**Task statement**
From the records below, set down exactly the lines starting with the line that contains "Creative Umbrella Frog" and going on through the line that contains "Imagem Casa para". Nothing else is wanted.

[Short web captions]
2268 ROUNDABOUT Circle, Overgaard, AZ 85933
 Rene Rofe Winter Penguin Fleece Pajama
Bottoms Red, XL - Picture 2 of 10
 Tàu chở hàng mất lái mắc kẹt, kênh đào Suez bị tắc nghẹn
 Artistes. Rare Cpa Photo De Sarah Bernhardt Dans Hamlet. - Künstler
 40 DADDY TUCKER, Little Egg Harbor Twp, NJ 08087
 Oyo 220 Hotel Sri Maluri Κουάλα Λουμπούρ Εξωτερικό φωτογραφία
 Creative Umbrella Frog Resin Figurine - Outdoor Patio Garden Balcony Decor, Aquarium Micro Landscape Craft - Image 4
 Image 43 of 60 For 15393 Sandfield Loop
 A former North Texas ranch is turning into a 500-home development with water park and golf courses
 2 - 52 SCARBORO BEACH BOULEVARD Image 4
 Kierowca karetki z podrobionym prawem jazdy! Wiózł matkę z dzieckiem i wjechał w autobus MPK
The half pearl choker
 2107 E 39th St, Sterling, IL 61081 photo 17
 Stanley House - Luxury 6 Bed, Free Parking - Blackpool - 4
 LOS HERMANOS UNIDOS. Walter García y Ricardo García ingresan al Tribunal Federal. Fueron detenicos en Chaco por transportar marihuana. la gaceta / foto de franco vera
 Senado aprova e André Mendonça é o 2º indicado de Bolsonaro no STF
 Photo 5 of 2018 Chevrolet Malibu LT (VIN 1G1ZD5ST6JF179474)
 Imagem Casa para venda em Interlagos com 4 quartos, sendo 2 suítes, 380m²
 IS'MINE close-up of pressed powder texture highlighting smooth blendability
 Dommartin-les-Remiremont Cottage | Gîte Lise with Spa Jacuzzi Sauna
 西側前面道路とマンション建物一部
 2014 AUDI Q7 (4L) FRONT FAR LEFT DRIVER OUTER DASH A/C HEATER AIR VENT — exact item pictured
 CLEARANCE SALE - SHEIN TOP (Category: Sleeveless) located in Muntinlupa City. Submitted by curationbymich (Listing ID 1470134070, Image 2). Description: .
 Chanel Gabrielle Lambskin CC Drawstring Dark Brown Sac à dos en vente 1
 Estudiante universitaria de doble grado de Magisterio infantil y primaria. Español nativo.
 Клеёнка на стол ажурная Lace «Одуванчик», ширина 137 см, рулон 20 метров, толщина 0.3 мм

**Answer space**
 Creative Umbrella Frog Resin Figurine - Outdoor Patio Garden Balcony Decor, Aquarium Micro Landscape Craft - Image 4
 Image 43 of 60 For 15393 Sandfield Loop
 A former North Texas ranch is turning into a 500-home development with water park and golf courses
 2 - 52 SCARBORO BEACH BOULEVARD Image 4
 Kierowca karetki z podrobionym prawem jazdy! Wiózł matkę z dzieckiem i wjechał w autobus MPK
The half pearl choker
 2107 E 39th St, Sterling, IL 61081 photo 17
 Stanley House - Luxury 6 Bed, Free Parking - Blackpool - 4
 LOS HERMANOS UNIDOS. Walter García y Ricardo García ingresan al Tribunal Federal. Fueron detenicos en Chaco por transportar marihuana. la gaceta / foto de franco vera
 Senado aprova e André Mendonça é o 2º indicado de Bolsonaro no STF
 Photo 5 of 2018 Chevrolet Malibu LT (VIN 1G1ZD5ST6JF179474)
 Imagem Casa para venda em Interlagos com 4 quartos, sendo 2 suítes, 380m²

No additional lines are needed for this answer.